Im Rahmen der Pflegeplanung werden die Pflegebedürfnisse des Pflegebedürftigen berücksichtigt und die zur Erzielung des gewünschten Pflegeergebnisses erforderlichen Maßnahmen konzipiert und protokolliert. Pflegeplanung ist Teil der Arbeitsweise des weltweit als Basis für Pflegeaktivitäten festgelegten Prozesses. Das Verfahren, auch Pflege-Regelkreis genannt, beruht auf Ergebnissen der System-, kybernetischen und entscheidungsorientierten Theorie sowie der wissenschaftlichen Arbeit in der Pflegewissenschaft.

Häufig werden vier-, fünf- oder sechsphasige Ausführungen verwendet, die Bezeichnungen für die verschiedenen Stufen sind nicht gleich, aber alle Ausführungen enthalten den Arbeitsschritt der Pflegeplanung.
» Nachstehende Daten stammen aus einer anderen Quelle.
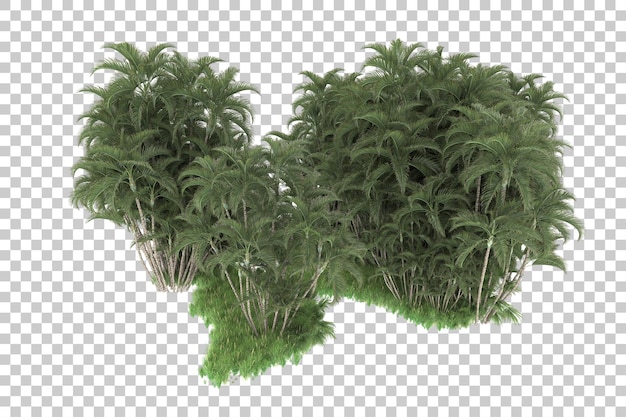 Tropisch eiland geïsoleerd op transparante achtergrond 3D rendering illustratie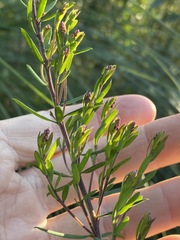 Comesperma hispidulum
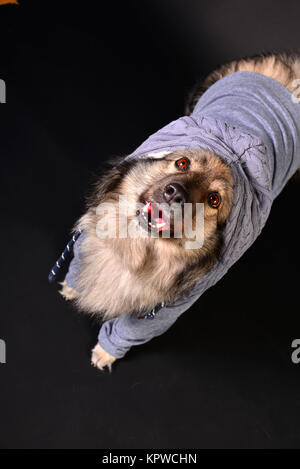 Cool cane felpa con cappuccio con cappuccio keeshond Foto Stock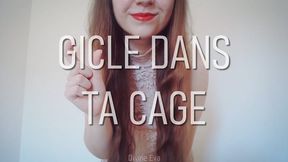 Gicle dans ta cage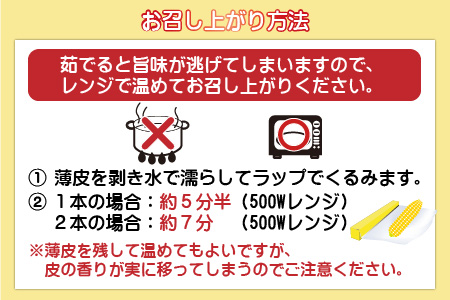 朝採り スイートコーン 黄色 計10本 おおもの ／ ハウス栽培 低農薬 有機肥料 フルーツ並みの甘さ 甘い とうもろこし 野菜 あわら ※2024年10月上旬より順次発送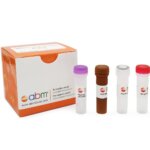http://biopioneer.com.tw/wp-content/uploads/downloads/2023/05/0-BlasTaq™-探針一步法-RT-qPCR-ABMGOOD貨號G596.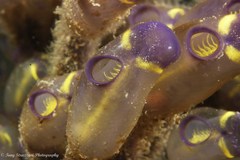 Clavelina meridionalis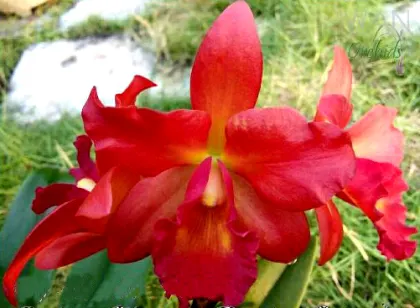 Guarisophleya Kauai Starbright x (Faye Miyamoto x President Fortune)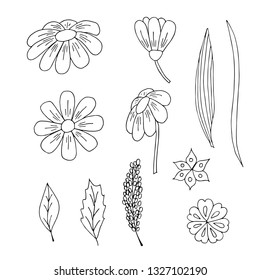 Floral isolated element set.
Nach der Informationsbeschaffung bzw. Pflegebewertung und der Pflegediagnostik oder dem Erfassen von Mitteln und Problemen in der Krankenpflege wird die Planung einbettet. Eine Pflegeplanung ist die Grundlage für den nächsten Arbeitsschritt der Pflegeintervention, die eigentliche Ausführung der Pflegerei.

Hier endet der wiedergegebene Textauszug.